Parity check - writing corrections to data disk


Recommended Posts

I turned off my unraid server via the GUI a couple times this week, and when restarting it yesterday it came back up with two unmountable disks with 'Corruption warning: Metadata has LSN (1:83814) ahead of current LSN (1:80338).'

 

I restarted the array in maintenance mode and ran xfs_repair -v for both devices which indicated -L was needed.

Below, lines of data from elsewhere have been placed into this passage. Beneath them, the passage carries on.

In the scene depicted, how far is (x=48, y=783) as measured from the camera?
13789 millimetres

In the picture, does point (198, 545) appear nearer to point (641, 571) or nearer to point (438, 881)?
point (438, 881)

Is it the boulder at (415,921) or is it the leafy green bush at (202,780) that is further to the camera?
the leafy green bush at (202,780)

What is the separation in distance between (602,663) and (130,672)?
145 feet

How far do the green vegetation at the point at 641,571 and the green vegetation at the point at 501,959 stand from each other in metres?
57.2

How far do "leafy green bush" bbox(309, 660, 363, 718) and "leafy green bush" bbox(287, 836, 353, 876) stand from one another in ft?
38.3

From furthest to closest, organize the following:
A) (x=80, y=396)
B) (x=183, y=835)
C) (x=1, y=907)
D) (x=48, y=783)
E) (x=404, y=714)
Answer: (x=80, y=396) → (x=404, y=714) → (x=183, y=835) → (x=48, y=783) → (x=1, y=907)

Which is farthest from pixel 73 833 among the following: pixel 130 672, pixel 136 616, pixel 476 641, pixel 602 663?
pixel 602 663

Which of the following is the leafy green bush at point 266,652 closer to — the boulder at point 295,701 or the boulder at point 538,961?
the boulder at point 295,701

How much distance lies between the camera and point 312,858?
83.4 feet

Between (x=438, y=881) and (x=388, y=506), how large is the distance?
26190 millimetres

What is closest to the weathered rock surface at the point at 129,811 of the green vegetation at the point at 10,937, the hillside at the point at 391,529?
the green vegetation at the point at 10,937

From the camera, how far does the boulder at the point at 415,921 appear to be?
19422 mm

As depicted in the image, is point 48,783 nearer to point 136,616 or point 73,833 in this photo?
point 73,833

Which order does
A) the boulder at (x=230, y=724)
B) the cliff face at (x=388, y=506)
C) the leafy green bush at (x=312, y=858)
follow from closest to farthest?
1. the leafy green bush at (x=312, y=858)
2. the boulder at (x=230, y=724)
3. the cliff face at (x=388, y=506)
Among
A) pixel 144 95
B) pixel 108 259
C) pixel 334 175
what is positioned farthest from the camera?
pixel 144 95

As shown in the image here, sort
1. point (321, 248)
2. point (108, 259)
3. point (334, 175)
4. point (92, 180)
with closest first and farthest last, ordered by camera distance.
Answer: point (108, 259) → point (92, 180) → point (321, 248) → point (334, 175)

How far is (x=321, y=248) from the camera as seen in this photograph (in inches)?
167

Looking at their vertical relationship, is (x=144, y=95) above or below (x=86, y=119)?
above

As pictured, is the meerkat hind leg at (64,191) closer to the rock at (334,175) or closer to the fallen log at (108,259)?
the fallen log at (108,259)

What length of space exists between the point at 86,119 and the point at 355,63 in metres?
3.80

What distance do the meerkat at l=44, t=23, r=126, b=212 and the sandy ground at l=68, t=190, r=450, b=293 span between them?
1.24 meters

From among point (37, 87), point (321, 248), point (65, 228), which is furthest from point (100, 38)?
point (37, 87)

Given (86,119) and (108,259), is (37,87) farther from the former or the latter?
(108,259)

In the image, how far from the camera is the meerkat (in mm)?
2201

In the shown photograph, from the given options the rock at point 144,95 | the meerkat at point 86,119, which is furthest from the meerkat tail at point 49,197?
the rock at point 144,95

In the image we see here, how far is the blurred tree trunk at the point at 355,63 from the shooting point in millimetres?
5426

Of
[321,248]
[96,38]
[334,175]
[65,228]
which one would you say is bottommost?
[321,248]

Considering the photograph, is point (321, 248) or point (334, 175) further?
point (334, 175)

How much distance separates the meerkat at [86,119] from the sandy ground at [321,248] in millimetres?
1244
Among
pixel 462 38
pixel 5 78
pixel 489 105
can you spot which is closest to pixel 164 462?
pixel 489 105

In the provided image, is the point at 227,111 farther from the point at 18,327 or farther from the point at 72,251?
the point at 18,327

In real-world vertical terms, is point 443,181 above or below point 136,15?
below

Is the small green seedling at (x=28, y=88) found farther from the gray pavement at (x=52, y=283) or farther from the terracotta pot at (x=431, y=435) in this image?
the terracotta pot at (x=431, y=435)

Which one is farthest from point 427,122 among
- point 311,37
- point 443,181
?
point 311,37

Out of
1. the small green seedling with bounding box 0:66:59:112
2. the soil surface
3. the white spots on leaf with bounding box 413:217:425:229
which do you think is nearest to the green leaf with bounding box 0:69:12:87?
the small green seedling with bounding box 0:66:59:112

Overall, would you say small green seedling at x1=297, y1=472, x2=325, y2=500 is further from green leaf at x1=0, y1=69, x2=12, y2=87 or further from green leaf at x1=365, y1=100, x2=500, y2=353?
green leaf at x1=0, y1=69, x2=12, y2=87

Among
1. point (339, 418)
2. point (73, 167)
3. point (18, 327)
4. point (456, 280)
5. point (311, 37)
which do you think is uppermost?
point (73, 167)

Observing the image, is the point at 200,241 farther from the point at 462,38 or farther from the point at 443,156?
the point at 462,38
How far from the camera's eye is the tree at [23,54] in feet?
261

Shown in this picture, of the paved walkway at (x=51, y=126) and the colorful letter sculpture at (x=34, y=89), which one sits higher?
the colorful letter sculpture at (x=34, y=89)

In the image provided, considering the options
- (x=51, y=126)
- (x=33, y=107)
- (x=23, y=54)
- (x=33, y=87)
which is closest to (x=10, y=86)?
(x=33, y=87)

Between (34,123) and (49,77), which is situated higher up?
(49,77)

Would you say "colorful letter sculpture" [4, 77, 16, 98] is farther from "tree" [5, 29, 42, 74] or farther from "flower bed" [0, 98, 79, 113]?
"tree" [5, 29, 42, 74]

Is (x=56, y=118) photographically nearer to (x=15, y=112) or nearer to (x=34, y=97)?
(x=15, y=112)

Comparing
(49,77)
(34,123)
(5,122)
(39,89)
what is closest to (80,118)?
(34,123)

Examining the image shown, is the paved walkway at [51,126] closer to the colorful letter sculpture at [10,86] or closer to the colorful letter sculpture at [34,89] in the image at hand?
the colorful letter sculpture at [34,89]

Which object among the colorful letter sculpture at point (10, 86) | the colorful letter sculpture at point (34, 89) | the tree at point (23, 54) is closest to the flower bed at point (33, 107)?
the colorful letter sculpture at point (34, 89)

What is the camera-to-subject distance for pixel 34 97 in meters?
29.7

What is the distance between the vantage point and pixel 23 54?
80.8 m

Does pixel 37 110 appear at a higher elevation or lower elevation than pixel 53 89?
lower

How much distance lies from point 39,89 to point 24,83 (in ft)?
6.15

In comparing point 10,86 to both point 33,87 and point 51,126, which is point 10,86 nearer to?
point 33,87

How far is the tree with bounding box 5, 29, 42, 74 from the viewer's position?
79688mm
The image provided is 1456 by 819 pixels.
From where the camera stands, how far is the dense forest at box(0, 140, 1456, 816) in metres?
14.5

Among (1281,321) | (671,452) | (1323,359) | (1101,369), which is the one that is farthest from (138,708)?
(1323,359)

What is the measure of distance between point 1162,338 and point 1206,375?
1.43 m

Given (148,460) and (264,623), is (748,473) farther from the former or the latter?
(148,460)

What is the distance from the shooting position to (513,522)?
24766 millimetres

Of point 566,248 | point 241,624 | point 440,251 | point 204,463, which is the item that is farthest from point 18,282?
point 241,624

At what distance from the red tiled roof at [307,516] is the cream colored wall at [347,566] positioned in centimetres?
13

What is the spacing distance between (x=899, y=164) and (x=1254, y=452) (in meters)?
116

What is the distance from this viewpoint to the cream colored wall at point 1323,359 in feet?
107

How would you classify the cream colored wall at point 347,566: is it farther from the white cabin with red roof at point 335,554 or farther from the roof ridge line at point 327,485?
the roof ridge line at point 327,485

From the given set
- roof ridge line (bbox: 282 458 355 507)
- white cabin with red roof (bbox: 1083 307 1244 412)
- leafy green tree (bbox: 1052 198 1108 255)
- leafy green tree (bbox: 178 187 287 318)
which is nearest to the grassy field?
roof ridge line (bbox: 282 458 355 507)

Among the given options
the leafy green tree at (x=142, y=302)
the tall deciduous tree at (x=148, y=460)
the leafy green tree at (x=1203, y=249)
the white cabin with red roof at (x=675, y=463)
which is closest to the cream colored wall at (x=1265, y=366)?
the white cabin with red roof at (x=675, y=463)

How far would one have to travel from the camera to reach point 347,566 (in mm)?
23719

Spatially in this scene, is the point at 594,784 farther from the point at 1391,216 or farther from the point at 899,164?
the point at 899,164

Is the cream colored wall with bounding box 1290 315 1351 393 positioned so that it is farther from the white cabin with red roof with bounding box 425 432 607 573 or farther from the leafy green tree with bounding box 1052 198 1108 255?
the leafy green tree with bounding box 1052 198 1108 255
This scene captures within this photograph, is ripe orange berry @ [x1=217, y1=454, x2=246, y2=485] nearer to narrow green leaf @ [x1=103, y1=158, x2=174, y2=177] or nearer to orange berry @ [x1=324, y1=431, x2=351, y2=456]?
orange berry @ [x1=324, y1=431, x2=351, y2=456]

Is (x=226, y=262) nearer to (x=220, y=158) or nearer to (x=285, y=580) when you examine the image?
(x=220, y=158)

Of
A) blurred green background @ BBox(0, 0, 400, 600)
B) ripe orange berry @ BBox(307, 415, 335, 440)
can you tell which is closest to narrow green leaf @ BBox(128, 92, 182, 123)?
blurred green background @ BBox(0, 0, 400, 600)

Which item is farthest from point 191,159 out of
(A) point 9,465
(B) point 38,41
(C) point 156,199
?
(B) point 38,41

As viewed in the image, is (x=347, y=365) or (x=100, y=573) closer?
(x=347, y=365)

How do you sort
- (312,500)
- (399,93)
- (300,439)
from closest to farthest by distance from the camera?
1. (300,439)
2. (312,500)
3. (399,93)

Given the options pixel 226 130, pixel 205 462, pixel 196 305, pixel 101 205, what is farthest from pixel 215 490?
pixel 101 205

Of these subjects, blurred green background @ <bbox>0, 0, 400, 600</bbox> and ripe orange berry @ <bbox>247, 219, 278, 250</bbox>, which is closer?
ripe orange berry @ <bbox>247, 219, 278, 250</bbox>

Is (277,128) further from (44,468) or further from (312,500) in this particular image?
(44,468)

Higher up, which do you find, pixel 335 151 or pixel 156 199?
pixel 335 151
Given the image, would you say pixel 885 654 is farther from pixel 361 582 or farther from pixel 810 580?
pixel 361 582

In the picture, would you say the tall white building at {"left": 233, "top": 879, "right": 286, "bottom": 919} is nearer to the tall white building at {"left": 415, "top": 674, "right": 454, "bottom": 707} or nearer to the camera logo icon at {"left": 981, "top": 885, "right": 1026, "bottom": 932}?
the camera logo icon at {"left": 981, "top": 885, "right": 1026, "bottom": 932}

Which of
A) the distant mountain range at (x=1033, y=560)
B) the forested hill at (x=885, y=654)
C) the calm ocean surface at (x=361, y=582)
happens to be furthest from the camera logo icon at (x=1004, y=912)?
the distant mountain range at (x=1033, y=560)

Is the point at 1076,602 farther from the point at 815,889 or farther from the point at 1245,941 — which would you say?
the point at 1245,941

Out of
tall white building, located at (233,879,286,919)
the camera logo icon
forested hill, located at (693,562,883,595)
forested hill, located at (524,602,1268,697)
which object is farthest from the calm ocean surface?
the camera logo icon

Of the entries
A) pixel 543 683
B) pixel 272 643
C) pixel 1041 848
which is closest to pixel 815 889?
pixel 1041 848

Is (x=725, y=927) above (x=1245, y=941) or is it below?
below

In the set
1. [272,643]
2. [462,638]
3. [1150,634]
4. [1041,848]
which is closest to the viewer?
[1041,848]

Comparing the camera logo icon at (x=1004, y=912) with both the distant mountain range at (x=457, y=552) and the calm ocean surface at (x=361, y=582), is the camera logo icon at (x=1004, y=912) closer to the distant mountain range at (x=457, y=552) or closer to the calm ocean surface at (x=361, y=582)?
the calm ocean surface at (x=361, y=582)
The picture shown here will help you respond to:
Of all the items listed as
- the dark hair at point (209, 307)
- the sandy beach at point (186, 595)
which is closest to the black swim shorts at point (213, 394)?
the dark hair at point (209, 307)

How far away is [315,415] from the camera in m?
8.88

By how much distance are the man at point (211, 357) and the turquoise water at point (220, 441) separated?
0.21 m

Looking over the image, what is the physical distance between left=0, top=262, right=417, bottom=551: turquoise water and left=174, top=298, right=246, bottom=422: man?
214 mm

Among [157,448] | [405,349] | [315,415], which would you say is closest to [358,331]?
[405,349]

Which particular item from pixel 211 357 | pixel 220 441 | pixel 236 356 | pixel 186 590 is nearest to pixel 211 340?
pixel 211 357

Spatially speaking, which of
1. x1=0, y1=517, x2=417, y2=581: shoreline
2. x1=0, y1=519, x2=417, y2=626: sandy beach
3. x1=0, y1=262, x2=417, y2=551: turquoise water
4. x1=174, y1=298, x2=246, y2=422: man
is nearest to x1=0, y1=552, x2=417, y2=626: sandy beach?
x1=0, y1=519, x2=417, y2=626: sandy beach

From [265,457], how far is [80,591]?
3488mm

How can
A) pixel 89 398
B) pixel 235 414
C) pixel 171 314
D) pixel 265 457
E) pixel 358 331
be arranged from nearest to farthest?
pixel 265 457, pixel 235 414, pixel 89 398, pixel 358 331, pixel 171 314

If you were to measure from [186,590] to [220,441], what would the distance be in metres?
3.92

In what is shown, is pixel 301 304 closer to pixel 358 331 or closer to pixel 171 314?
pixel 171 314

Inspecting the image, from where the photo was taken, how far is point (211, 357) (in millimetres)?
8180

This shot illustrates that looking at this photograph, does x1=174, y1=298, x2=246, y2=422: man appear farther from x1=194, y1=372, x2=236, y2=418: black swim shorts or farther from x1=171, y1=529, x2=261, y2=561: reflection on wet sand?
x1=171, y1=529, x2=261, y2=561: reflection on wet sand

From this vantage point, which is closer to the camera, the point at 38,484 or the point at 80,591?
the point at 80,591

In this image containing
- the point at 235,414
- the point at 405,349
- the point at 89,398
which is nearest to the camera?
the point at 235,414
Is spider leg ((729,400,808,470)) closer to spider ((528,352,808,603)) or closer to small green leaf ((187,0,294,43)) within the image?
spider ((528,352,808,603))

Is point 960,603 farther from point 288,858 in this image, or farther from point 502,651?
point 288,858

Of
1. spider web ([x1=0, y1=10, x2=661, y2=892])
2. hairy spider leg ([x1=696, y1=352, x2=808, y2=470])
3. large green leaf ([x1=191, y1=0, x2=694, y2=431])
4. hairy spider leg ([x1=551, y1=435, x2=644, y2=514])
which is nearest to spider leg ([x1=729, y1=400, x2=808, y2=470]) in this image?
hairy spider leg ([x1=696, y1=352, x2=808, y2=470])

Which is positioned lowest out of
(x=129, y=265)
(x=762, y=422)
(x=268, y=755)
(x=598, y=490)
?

I reran it with -L and the output looked good:

 

Phase 1 - find and verify superblock...
        - block cache size set to 2292464 entries
Phase 2 - using internal log
        - zero log...
zero_log: head block 451270 tail block 451266
ALERT: The filesystem has valuable metadata changes in a log which is being
destroyed because the -L option was used.
        - scan filesystem freespace and inode maps...
        - found root inode chunk
Phase 3 - for each AG...
        - scan and clear agi unlinked lists...
        - process known inodes and perform inode discovery...
        - agno = 0
        - agno = 1
        - agno = 2
        - agno = 3
        - process newly discovered inodes...
Phase 4 - check for duplicate blocks...
        - setting up duplicate extent list...
        - check for inodes claiming duplicate blocks...
        - agno = 0
        - agno = 1
        - agno = 2
        - agno = 3
Phase 5 - rebuild AG headers and trees...
        - agno = 0
        - agno = 1
        - agno = 2
        - agno = 3
        - reset superblock...
Phase 6 - check inode connectivity...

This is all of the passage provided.